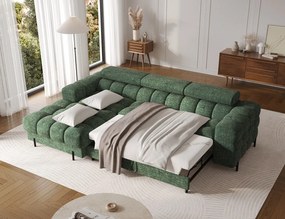 Coltar extensibil Felro pe stanga Amore 35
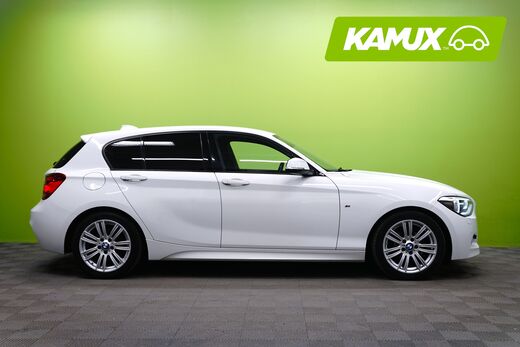 BMW 116 vaihtoauto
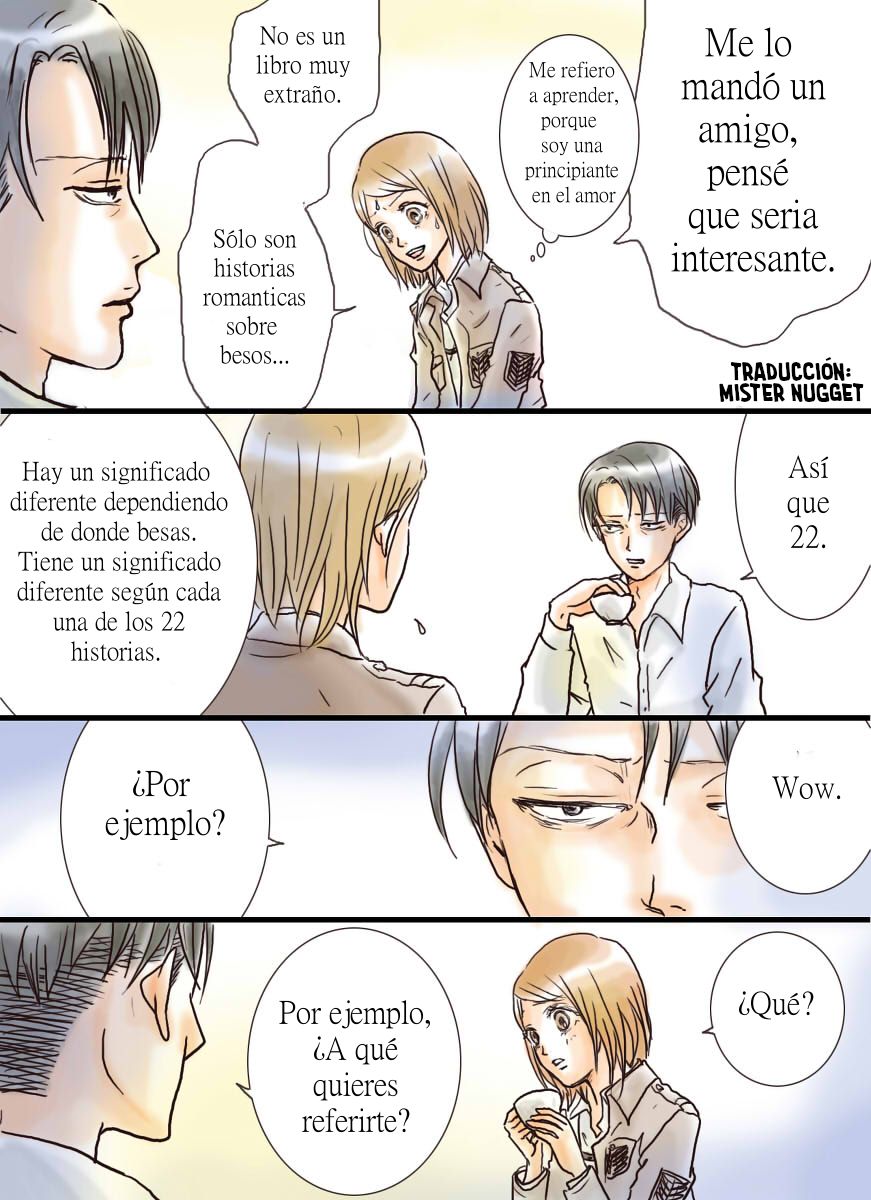 El significado de un beso page 11 full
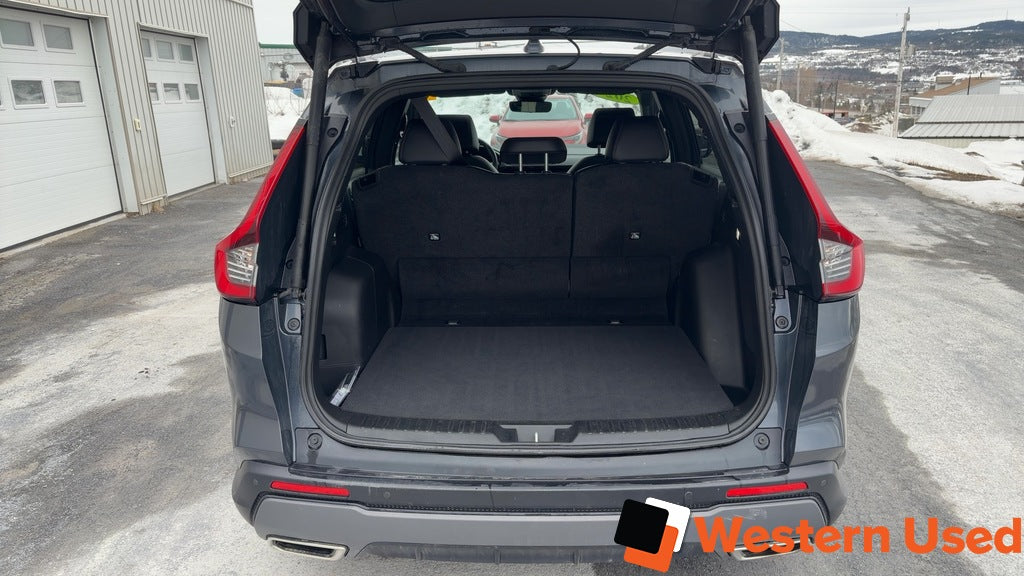 2024 Honda CR-V Hybrid Touring AWD
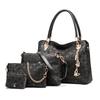 Xiao Yan Fashion European & American Shoulder Handbag Set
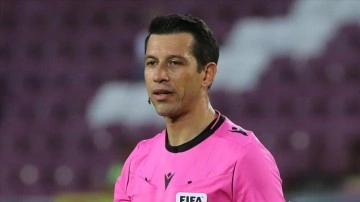 UEFA'dan Ali Palabıyık'a görev
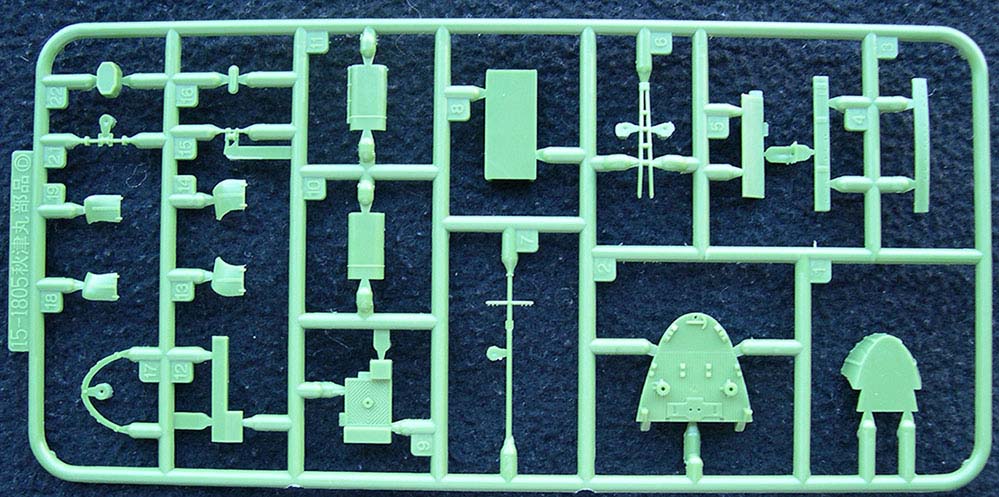 Sprue-D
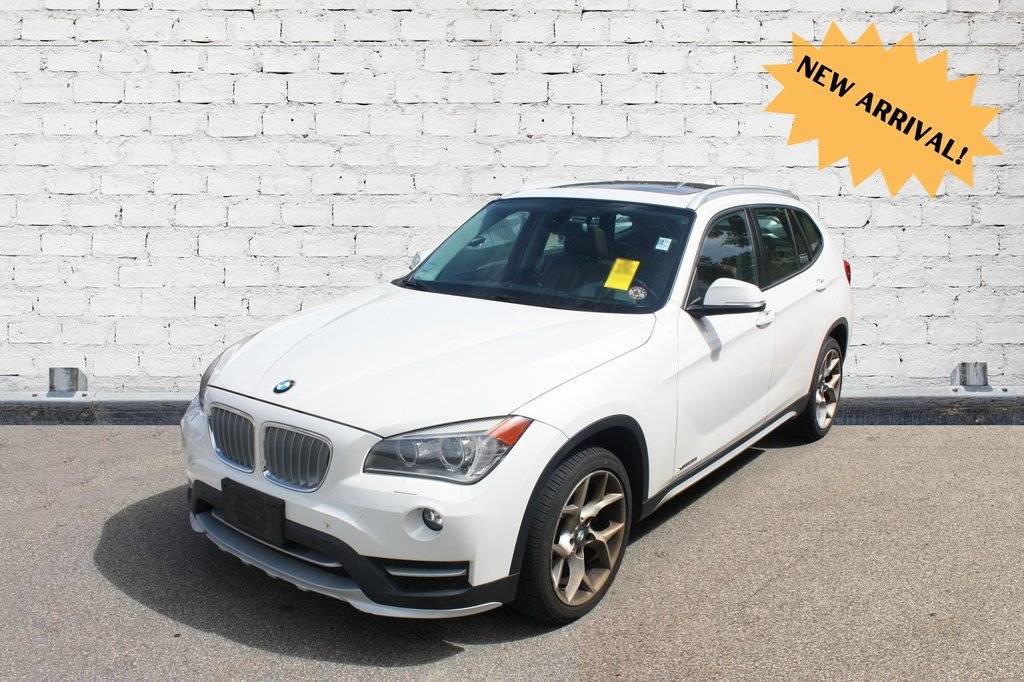 2015 BMW X1 35i — SUV — 83,924 mi — Greenfield, MA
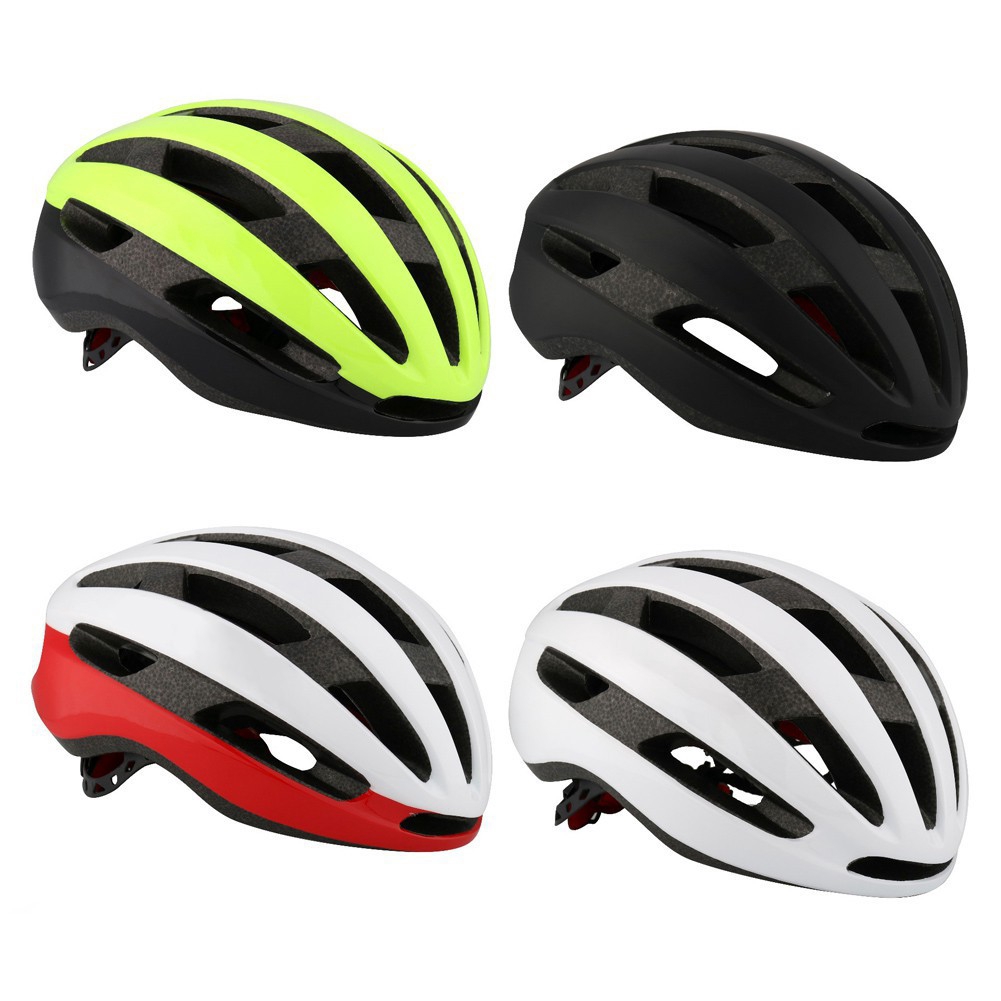  Helm  Unisex Profesional Untuk Sepeda  Road  Bike  Shopee 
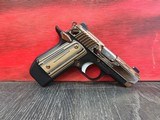 KIMBER Micro 9 Rose Gold 9MM LUGER (9x19 PARA) - 2 of 3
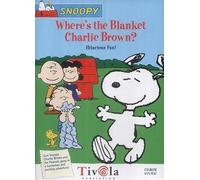 Snoopy: Where's the Blanket Charlie Brown?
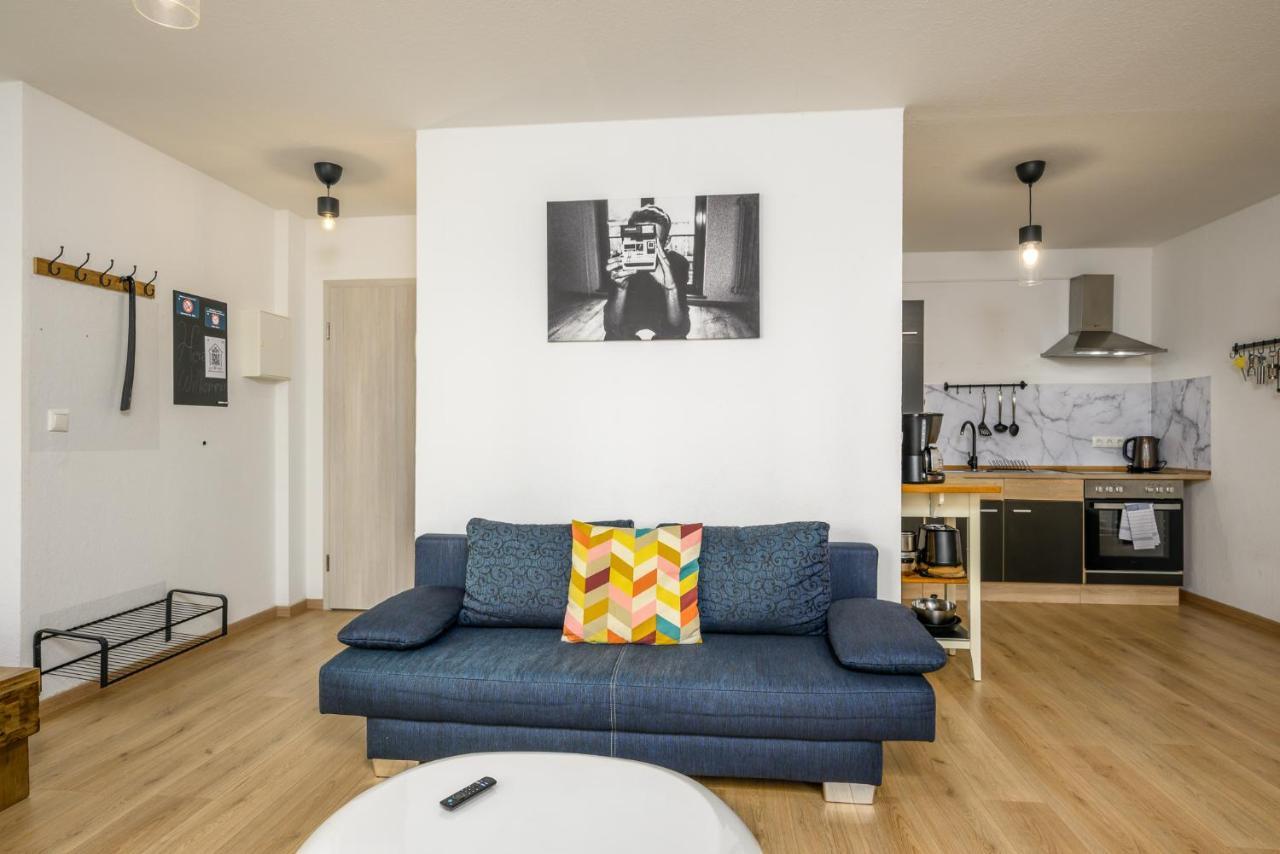 Arbio I Spacious Apart Near Auensee Leipzig Exterior photo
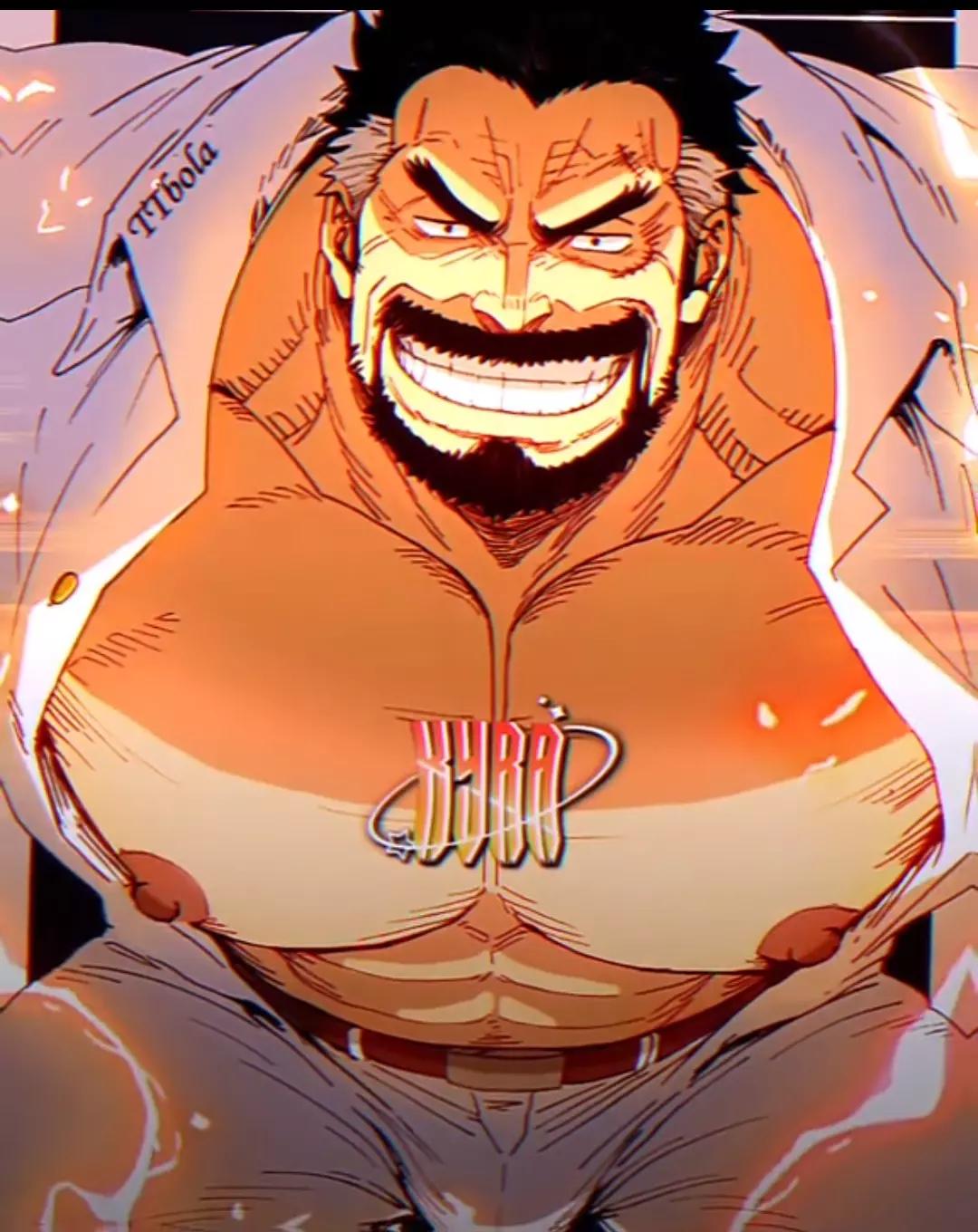 Monkey D Garp thumbnail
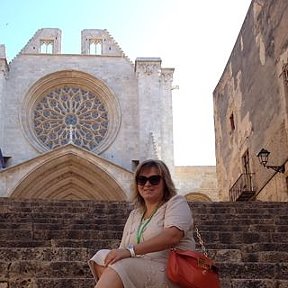 Фотография "Кафедральный собор Таррагоны"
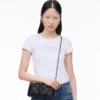 The Quilted Snapshot Convertible Shoulder Bag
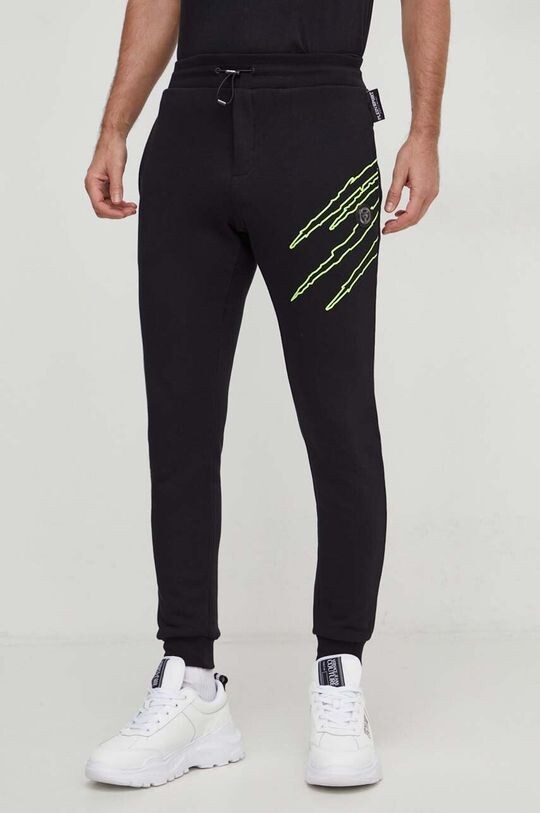 

Джоггеры Plein Sport, черный
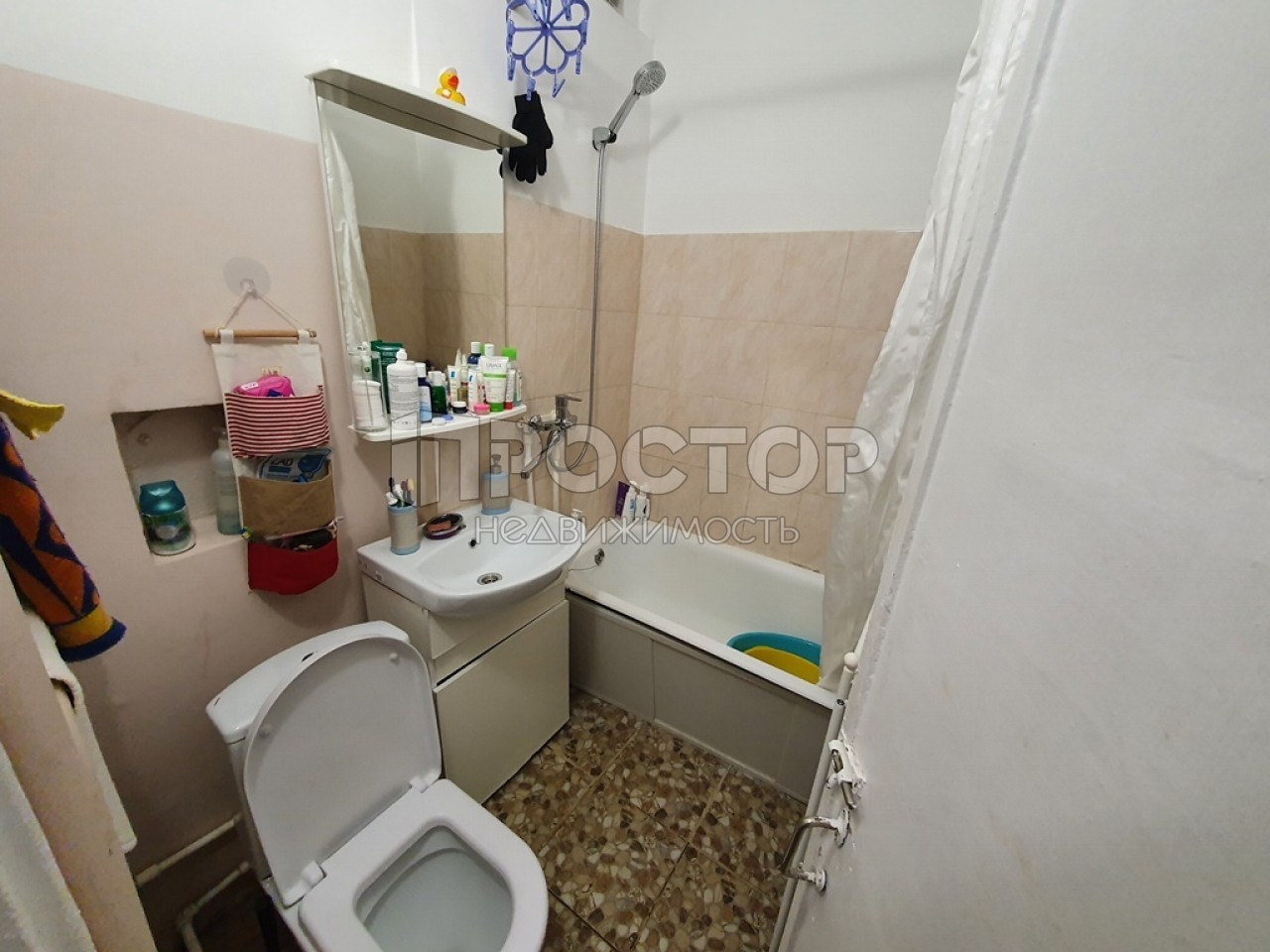 1-комнатная квартира, 31.2 м² - фото 13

WORK INSTRUCTION
Set down exactly, line for line, the data from the line that contains "UEFA'dan Ali Palabıyık'a görev" through its last line, keeping pictures out.

SOLUTION
 UEFA'dan Ali Palabıyık'a görev
 Sprue-D
 2015 BMW X1 35i — SUV — 83,924 mi — Greenfield, MA
  Helm  Unisex Profesional Untuk Sepeda  Road  Bike  Shopee 
 KIMBER Micro 9 Rose Gold 9MM LUGER (9x19 PARA) - 2 of 3
 Snoopy: Where's the Blanket Charlie Brown?
 Arbio I Spacious Apart Near Auensee Leipzig Exterior photo
 Monkey D Garp thumbnail
 Фотография "Кафедральный собор Таррагоны"
 The Quilted Snapshot Convertible Shoulder Bag

Джоггеры Plein Sport, черный
 1-комнатная квартира, 31.2 м² - фото 13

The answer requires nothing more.